Records supplied:
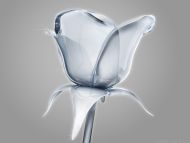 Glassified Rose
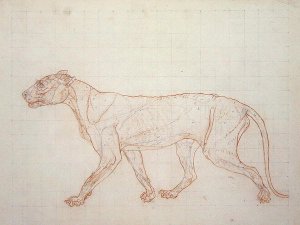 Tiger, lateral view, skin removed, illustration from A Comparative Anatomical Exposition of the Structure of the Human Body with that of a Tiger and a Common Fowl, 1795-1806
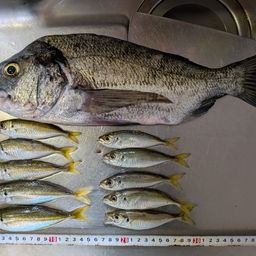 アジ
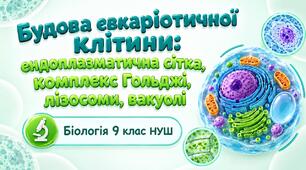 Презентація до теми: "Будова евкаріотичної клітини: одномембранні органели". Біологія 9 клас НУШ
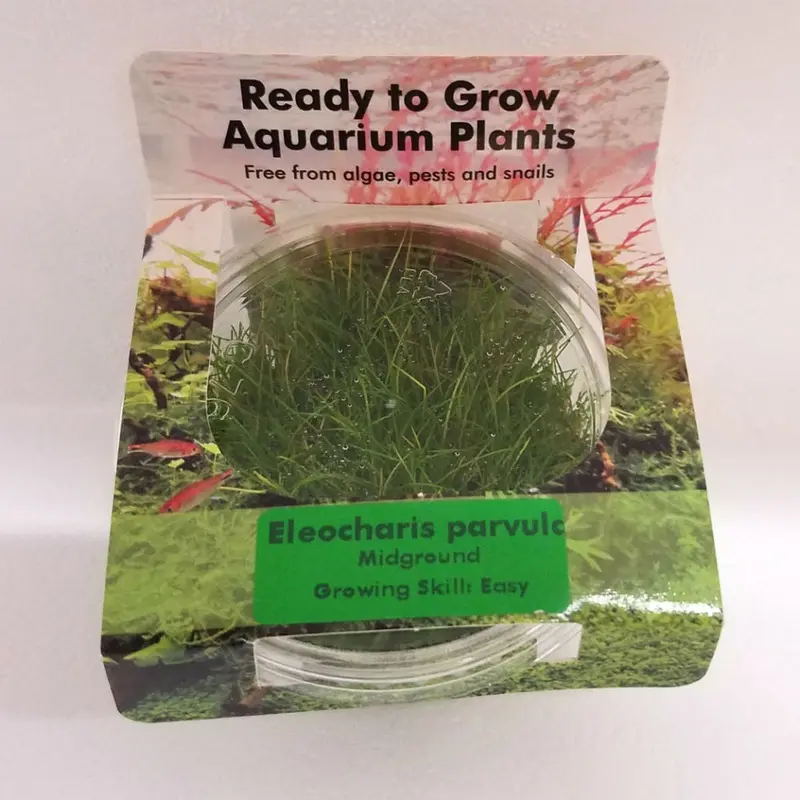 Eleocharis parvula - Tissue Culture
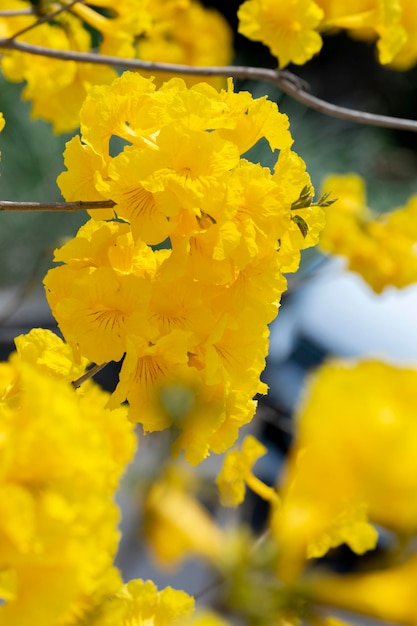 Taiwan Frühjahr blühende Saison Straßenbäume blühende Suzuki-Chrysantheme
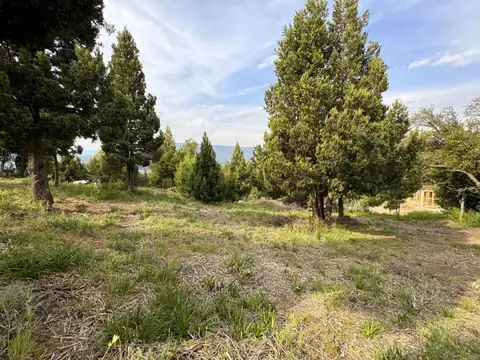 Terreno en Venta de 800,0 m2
---
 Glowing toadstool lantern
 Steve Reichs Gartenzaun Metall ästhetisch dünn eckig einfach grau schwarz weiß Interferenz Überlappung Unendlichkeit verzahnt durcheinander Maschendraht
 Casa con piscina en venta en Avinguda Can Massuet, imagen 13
---
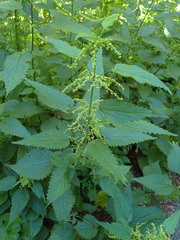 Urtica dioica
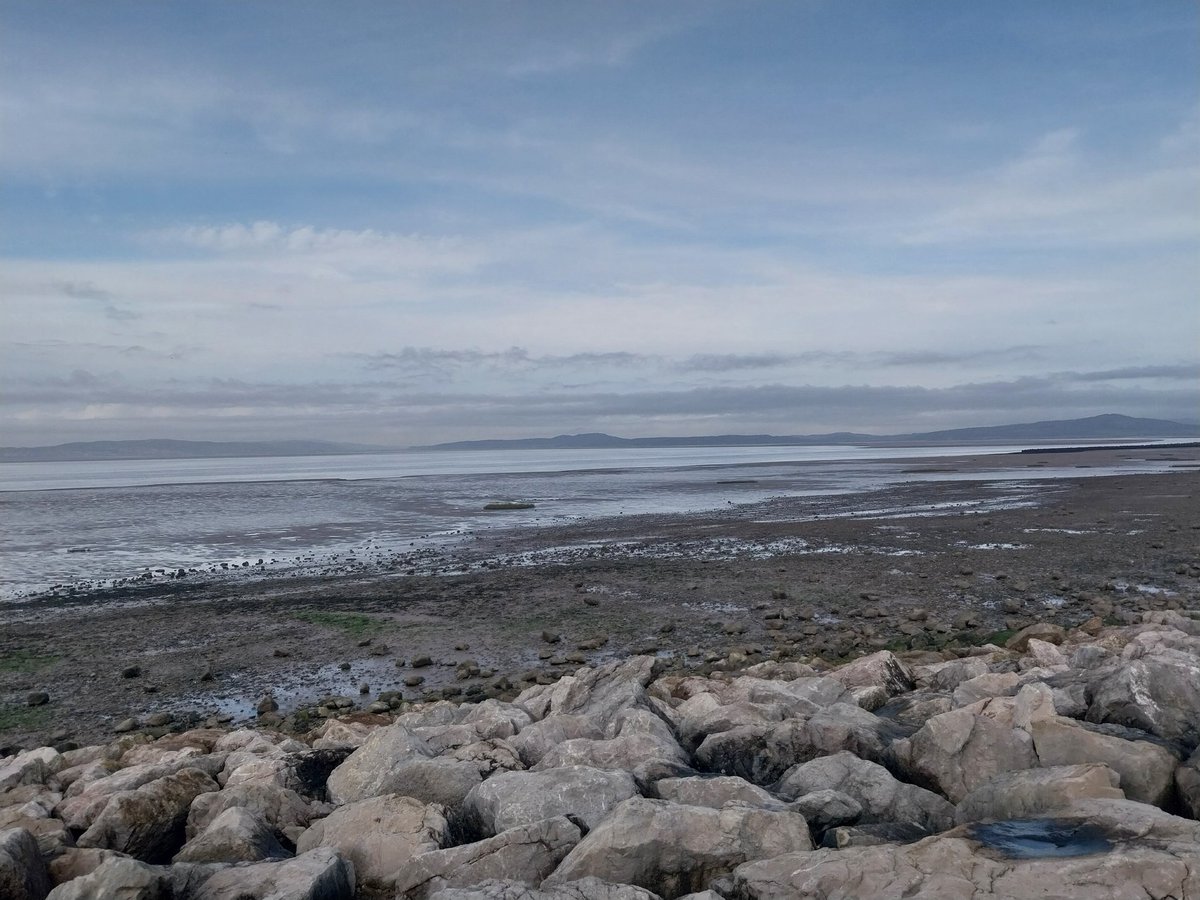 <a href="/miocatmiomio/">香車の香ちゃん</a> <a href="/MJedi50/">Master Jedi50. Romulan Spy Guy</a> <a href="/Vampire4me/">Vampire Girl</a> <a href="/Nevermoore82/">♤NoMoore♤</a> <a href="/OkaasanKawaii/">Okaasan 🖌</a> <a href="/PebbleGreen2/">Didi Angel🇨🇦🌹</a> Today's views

Work item: Above are the records; please give again, exactly and in full, only the lines that run from the line with "Glassified Rose" through the line with "Terreno en Venta de 800,0 m2", with no pictures.

Your response:
 Glassified Rose
 Tiger, lateral view, skin removed, illustration from A Comparative Anatomical Exposition of the Structure of the Human Body with that of a Tiger and a Common Fowl, 1795-1806
 アジ
 Презентація до теми: "Будова евкаріотичної клітини: одномембранні органели". Біологія 9 клас НУШ
 Eleocharis parvula - Tissue Culture
 Taiwan Frühjahr blühende Saison Straßenbäume blühende Suzuki-Chrysantheme
 Terreno en Venta de 800,0 m2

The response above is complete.